LISTEN: Jason Carter speaks with GPB's Kristi York Wooten about the new Jimmy Carter Forever stamp and celebrating what would have been his grandfather's 101st birthday. 

Executives from the United States Post Office (left) joined Carter Center Board Chair Jason Carter and Chief Operating Office Beth Davis (right) to celebrate the issue of the Jimmy Carter Forever stamp at the Carter Center on on Oct. 1, 2025.

Caption

Executives from the United States Post Office (left) joined Carter Center Board Chair Jason Carter and Chief Operating Office Beth Davis (right) to celebrate the issue of the Jimmy Carter Forever stamp at the Carter Center on on Oct. 1, 2025.

Credit: Kristi York Wooten / GPB News

The United States Postal Service issued the Jimmy Carter Forever stamp in Atlanta Wednesday on what would have been the late former president's 101st birthday.

The stamp design was first revealed at an event in Carter's hometown of Plains, Ga., in August.

Stamp collectors from around the country and hundreds of locals celebrated the official issuance during an Oct. 1 event at the Carter Center in Atlanta.

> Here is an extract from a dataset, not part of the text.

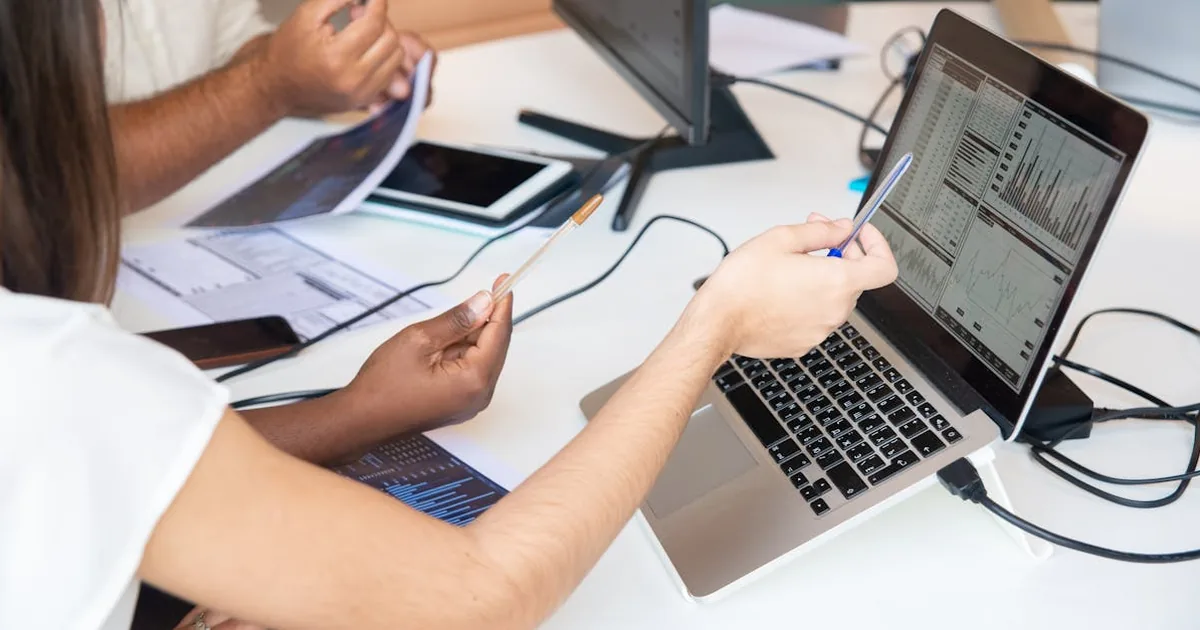 Edx vs Linkedin Learning para aprender Figma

Attendees lined up to purchase sheets of the first-class stamp, which is now available in post offices and online.

The Morehouse College Quartet sang the national anthem and postal service and Carter Center executives made remarks.

Carter Center board chair Jason Carter, told GPB writing letters was a fundamental part of the lives of his grandparents, Jimmy and Rosalynn Carter. 

"The love letters that he wrote to my grandmother, the letters that I wrote to them in the Peace Corps...when we were going through my grandfather's papers, we came across all of these letters that I had sent that he had saved," Jason Carter said.

 "He's got a Forever stamp. We think of him as Jimmy Carter forever," he said. "And this Carter Center is filled still with his spirit in a very current way. So it's a great way to celebrate his birthday."

"The stamp itself is an honor for anyone, of course, but it really does validate in some ways the way that people think of my grandfather now," Carter said. "For human rights, for freedom, for democracy across the world, to alleviate human suffering — I think it's an example of him being respected in a way that is valuable to all of us."